Also I'm wondering for which applications we would need an unencrypted tls.key and why it's not a good idea to do this by default (and ensure backward compatibility with unlocking).

I don't think there's really a problem or place where having an encrypted TLS key is bad, however the flow to unlock the node (with the temporary certificates) is a pretty different process than what has existed in LND so far. So I think forcing this new process for unlocking nodes would have negative cascading affects.

Thanks!

gkrizek avatar Dec 03 '22 01:12 gkrizek

Addressed those comments @guggero! Just one question: Looks like the linter wants me to add a timeout to the lets encrypt codes.

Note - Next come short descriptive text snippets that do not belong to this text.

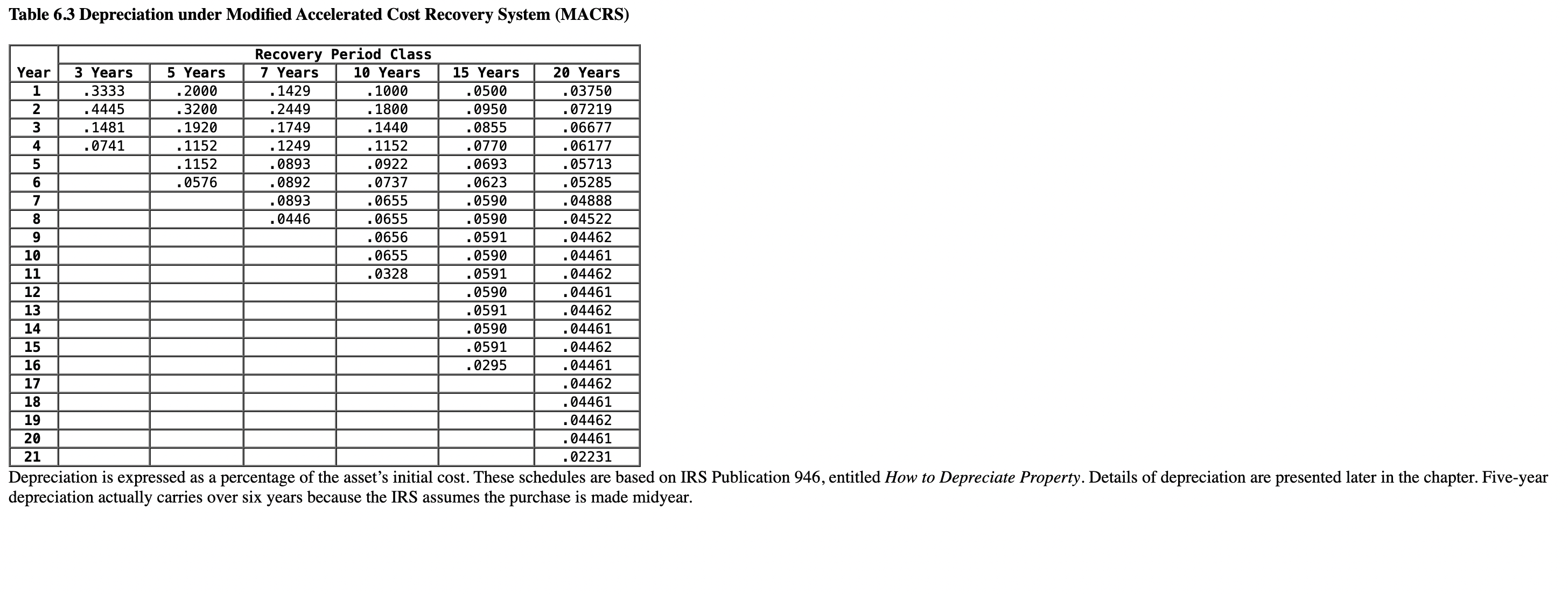 Solved You have been hired as a consultant for Pristine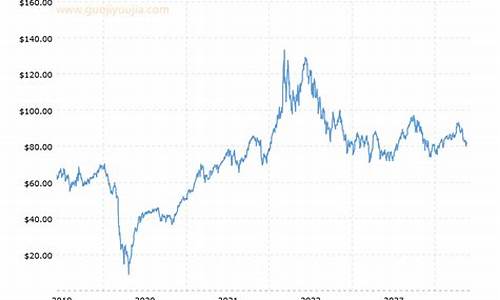 布伦特原油价格走势近年来_布伦特原油价格 走势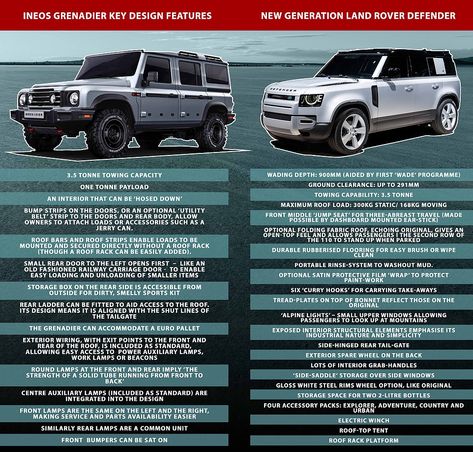 Jim Ratcliffe's Ineos Grenadier 4X4 revealed Grenadier 4x4, Ineos Grenadier, New Defender, Overland Truck, Future Trucks, Jump Seats, Mom Car, Jerry Can, Jaguar Land Rover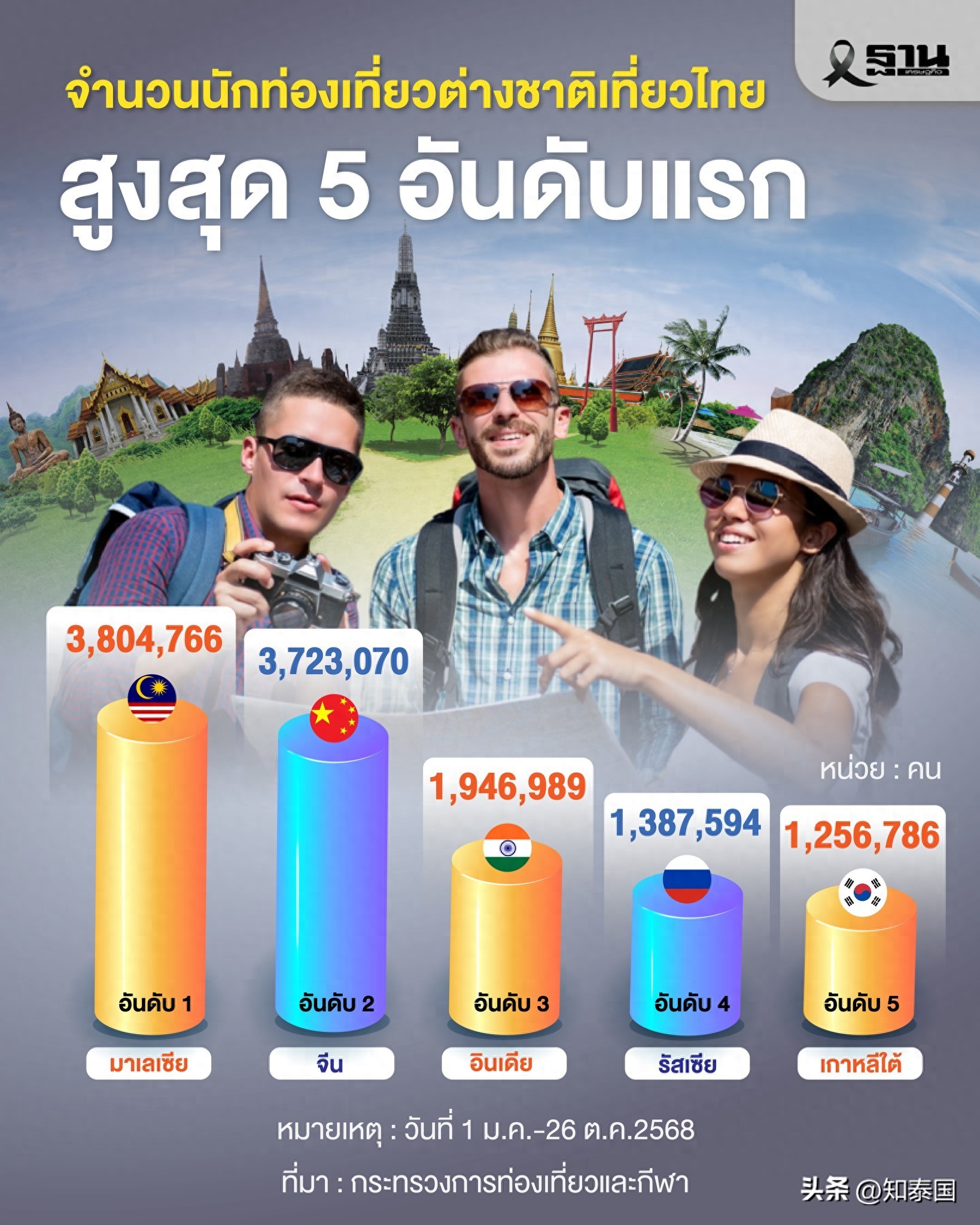 泰国最新旅游数据_泰国旅游_泰国2025年旅游业收入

Would it make sense to use one of the other timeouts in the config.go or should I set a new one?

And uh, I don't know why the GitHub UI hates me, but every time I go to request a review from anyone, it for some reason removes other developers' requests for review (???). So sorry for removing your request for review @sputn1ck.

orbitalturtle avatar Dec 03 '22 23:12 orbitalturtle

Looks like the linter wants me to add a timeout to the lets encrypt codes. Would it make sense to use one of the other timeouts in the config.go or should I set a new one?

I'd just add a var at the top of the file for this case and set it to 5 seconds or something like that. The linter is new so it didn't catch existing instances of http.Server that we should probably also address. I'm going to add an issue for that so we can fix it everywhere (REST server, profiling server, let's encrypt).

guggero avatar Dec 05 '22 08:12 guggero

I'm not sure I understand what you're saying. Can you elaborate here?

@gkrizek Yes, sorry for not being more explicit. The code as in this PR, running lnd for the first time with the --tlsencryptkey flag is not compatible with an uninitialized .lnd home folder, as the flow expects a tls.cert/keypair in the first call of GetConfig to exist and errors with a file not found error. Is that intentional or a deeper reason behind it?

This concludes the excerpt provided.